这一处火堆的人没一个人说话,气氛因为玉惠的到来陷入凝结。
玉溪和云大夫在药房里,低头讨论着药方。玉溪时不时从药皿里取出一定份额的药材给云大夫。两人“形影交错”,被站在窗外穿上干爽上衣的陆泽庭和黑岩看到。
黑岩看到陆泽庭乌云满面,似随时都有爆发的迹象,大气不敢出,低着头,在他身后正规中矩地站着。
正在黑岩不知道如何规劝陆泽庭离去的时候,族长和卞家村几位父辈来到此处。
“这位便是陆军爷了,真是久仰大名!我乃卞氏族长,在此见过陆军爷。”族长抱拳行大夫礼,客气地说道,语气间不卑不亢。
族长几人都知道这自称是陆十郎的人,便是玉溪口中,前几日欲对玉溪不轨之人。因听玉胖几人所诉,族长几人对陆泽庭看法有所改观。鉴于陆十郎有不良前科及卞二爷对陆泽庭的推断,族长几人认为陆泽庭此人亦正亦邪。
若对方今后所做之事,不再纠缠女眷,族长几人决定隐忍之前他对玉溪所为,只为能够谈妥征用军田一事。
陆泽庭转身抱拳回礼,谦和道:“晚辈陆十郎见过各位卞家长辈。”
陆泽庭决定先隐瞒他的身份和全名,待玉溪能接受他的时候再告诉卞家村人。
族长几人对陆泽庭的态度感到意外,没想到这位年轻的军爷态度居然如此和善,除了卞二爷一脸不愉外,族长等人表情均是一松。
对于眼前这个意图对玉溪不轨的陆泽庭,卞二爷心中自是不喜,但族长等人已经做出了决定,不再究竟此事,此人又关系到征田一事,卞二爷只好隐忍。
卞二爷已看到药房中忙碌的玉溪,见着陆泽庭立于窗,心想定是此人还不死心,在偷看玉溪。卞二爷觉得为免夜长梦多,决定归村后速速寻找与玉溪合适婚配的伊家男子。只要这玉溪一定亲,就算陆泽庭还有心思,怕也有所顾虑。
陆泽庭似有察觉,往卞二爷看去。卞二爷连忙把心里的那一丝不满隐藏起来,暗想对方察识真是敏感。
本想避开陆泽庭目光的卞二爷,在接到他友善的微笑后,顿然觉得讪讪,好似他是斤斤计较之辈,在心里不断地挑剔对方。这种感觉很是怪异,他为何要挑剔对方,觉得陆泽庭这不是那不是的,又不是挑女婿,难道是对方让他感到一丝熟悉。
卞二爷皱着眉头,实在想不起在哪里见过这个陆十郎。
族长刚想请陆泽庭于前厅叙话,望对方在征田一事上能否行个方便,这时有位卞家人走近,道:“族长尊伯,范家老爷携子立于门前,求见陆军爷。另外,百所处驻兵五十余人,已经到达此地。”
陆泽庭因玉溪的事正憋着一肚子火,没法宣泄。这范家人来得真是时候,他还没想到这范家便是向他动武的那些人,他道:“黑岩,我们走。我到要看看着范家是什么来头。”
陆泽庭此时说话如地狱罗刹,与刚才对族长和善的面孔派若两人。
族长与卞令二伯对望一眼,大感头痛。这陆十郎真的是亦正亦邪,不是好对付的主。
陆泽庭走了几步才发现,他没和卞家族长几人打招呼,想到玉溪的父亲也在其中,不好无礼,便道:“各位卞家长辈,小侄无礼了。容我前去处理一些琐事,待会再慢慢长谈。”

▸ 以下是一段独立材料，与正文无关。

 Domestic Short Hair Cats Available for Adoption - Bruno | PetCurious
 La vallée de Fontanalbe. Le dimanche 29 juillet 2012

族长一脸堆笑道:“不碍事。这范家老爷,和我有几分相熟,要不与陆军爷一同前去,看看他们所为何事?”
“如此甚好。”陆泽庭说完,带头前去。
黑岩紧随其后。
玉溪看到族长尊伯几人跟着陆泽庭离去,停下手里的动作,对一旁不断把药物碾碎放入药皿的云大夫道:“云师,要不我们也去看看吧。说不定范家带了解药前来,省得我们在这里东忙西忙地配药。配出来的药别人还不一定领情。”
她口中的“别人”指的是陆泽庭,而非玉胖等人。玉溪把整件事想了一遍。
范家本就靠武力吃饭,她猜测是范家的人被人买通刺杀陆泽庭,事后不成,担心被认出的吕家人出言指证,范家又不想放弃现在的根基,便前来与陆泽庭赔礼道歉。
自始至终,玉溪都没想过范家范离华把主意打到卞家村上。
云大夫想了想,觉得配药需要时间,这陆十郎只怕等不了这么久,心里赞同玉溪的话,不过话到嘴边又忍不住说她几句,道:“话虽如此,但总不能不做一番功夫。让你好好跟我学武,你又说学药理。和我学了药理,又不认真。现在只懂配一些简单的药方,连出诊看病都不行。这也不行,那也不行。。”
玉溪听到云大夫碎碎念的抱怨,忍不住打断,“好了好了。在这里抱怨你的弟子,还不如出去看看,把解药弄到手,一劳永逸。”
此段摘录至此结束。